It needs to be emphasized that whatever intrinsic values bestowed by democracy, they mean little to the woman who has no food to eat or place to sleep. The state of the economy is therefore the determinant of enduring democracy, and for most people, democracy is a key pre-requisite for sustainable economic transformation. Democracy and, indeed, any form of governance must deliver tangible social and economic benefits to the generality of the citizens to be credible and sustainable. In a seminal article on “What Makes Democracy Endure” Prezeworski, etal, 1996, (Journal of Democracy, Vol.7, no.1, pp.39-59) found an empirical correlation between economic strength and sustenance of democracy:
“Once a country has a democratic regime, its level of economic development has a very strong effect on the probability that democracy will survive… Democracy can be expected to last an average of about 8.5 years in a country with per capita income under $1000 per annum; 16 years in one with income between $1000 and $2000; 33 years between $2000 and $4000, and 100 years between $4000 and $6000… Above $6000 democracies are impregnable and can be expected to live forever. No democratic system has fallen in a country where per capita income exceeds $6055”.

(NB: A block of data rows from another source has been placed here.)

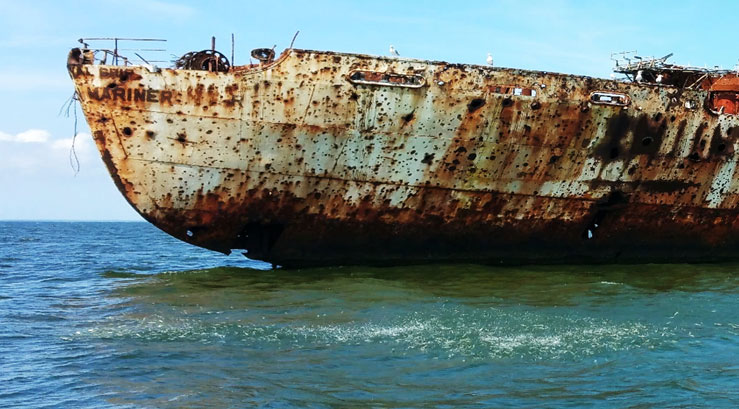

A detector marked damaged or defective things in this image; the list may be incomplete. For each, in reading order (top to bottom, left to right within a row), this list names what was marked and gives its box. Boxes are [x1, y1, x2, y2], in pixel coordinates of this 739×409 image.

rusty abandoned ship [66, 39, 739, 266]
corroded hull [68, 48, 739, 264]
rust stain [68, 46, 739, 266]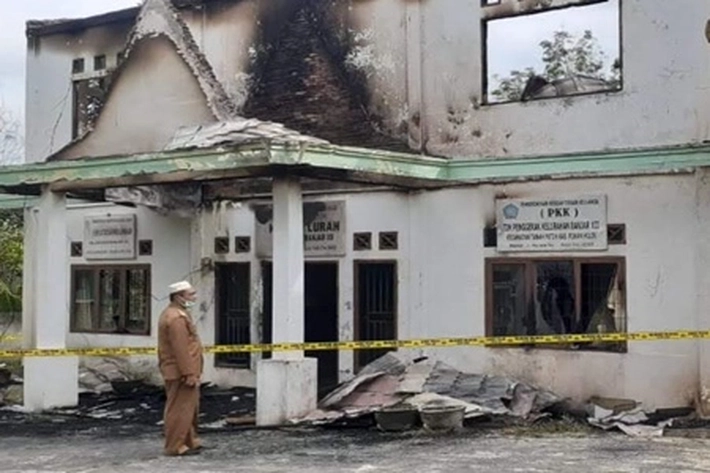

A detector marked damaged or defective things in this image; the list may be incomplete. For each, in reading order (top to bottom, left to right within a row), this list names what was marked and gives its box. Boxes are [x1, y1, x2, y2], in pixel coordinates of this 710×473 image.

damaged roof edge [25, 0, 221, 37]
charred upper floor wall [23, 0, 710, 162]
broken window frame [482, 0, 624, 104]
broken window frame [70, 266, 152, 336]
broken window frame [484, 256, 628, 352]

The above quote should make every Nigerian to pause and ponder. Yes, the empirical evidence might not be destiny. But if the correlation is as strong as stated above, then its predictive power implies that with Nigeria’s current per capita income of about $1,200, the sustainability of democracy in Nigeria will require an extraordinary effort.
III: Chequered Journey So Far: Making Progress While Standing Still
Let’s admit a fact which most Nigerians don’t seem to appreciate. Nigeria is a very poor country, and its public finance is broken. This admission is critical to any reasonable discourse on the road ahead. Space and time won’t permit us to provide full details.

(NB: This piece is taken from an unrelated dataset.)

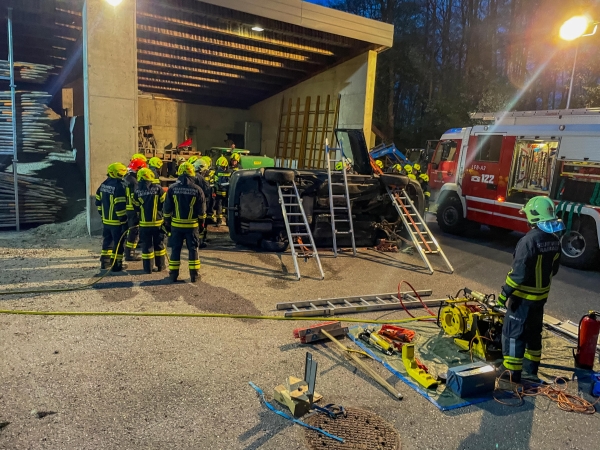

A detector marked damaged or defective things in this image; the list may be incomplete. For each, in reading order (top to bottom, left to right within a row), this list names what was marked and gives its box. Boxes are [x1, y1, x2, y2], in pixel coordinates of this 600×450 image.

overturned car [227, 128, 424, 251]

For over 50 years since the first oil boom, Nigeria’s chequered economic trajectory has been largely defined by the booms and bursts in that sector. Right from the President Shagari’s Economic Stabilization (Austerity Measures) Act, 1982, Buhari’s extreme Austerity of 1984-85; the Structural Adjustment Programmes (SAP) of President Babangida (1986-92), the Obasanjo’s National Economic Empowerment and Development Strategy (NEEDS), and then the Buhari’s command and control regime, 2015-2023, Nigeria has been “reacting” to the volatility in the oil sector. Over the past 25 years, the structure of GDP has been fairly diversified but because we literally export nothing else, the forex supply and rates are tied to the chaotic fortunes of oil exports. And so also the value of GDP in US dollar terms: if you artificially keep the exchange rate low, bingo, you have a huge dollar GDP, and any day you can’t sustain the deceit, the exchange rate collapses and so also the GDP in dollar terms. With the re-basing of our GDP, its dollar value soared to $574 billion in 2014— and we became by far the “biggest economy in Africa”, even when FGN since 2010 was borrowing money to fund its recurrent expenditures, and public debt was galloping unsustainably.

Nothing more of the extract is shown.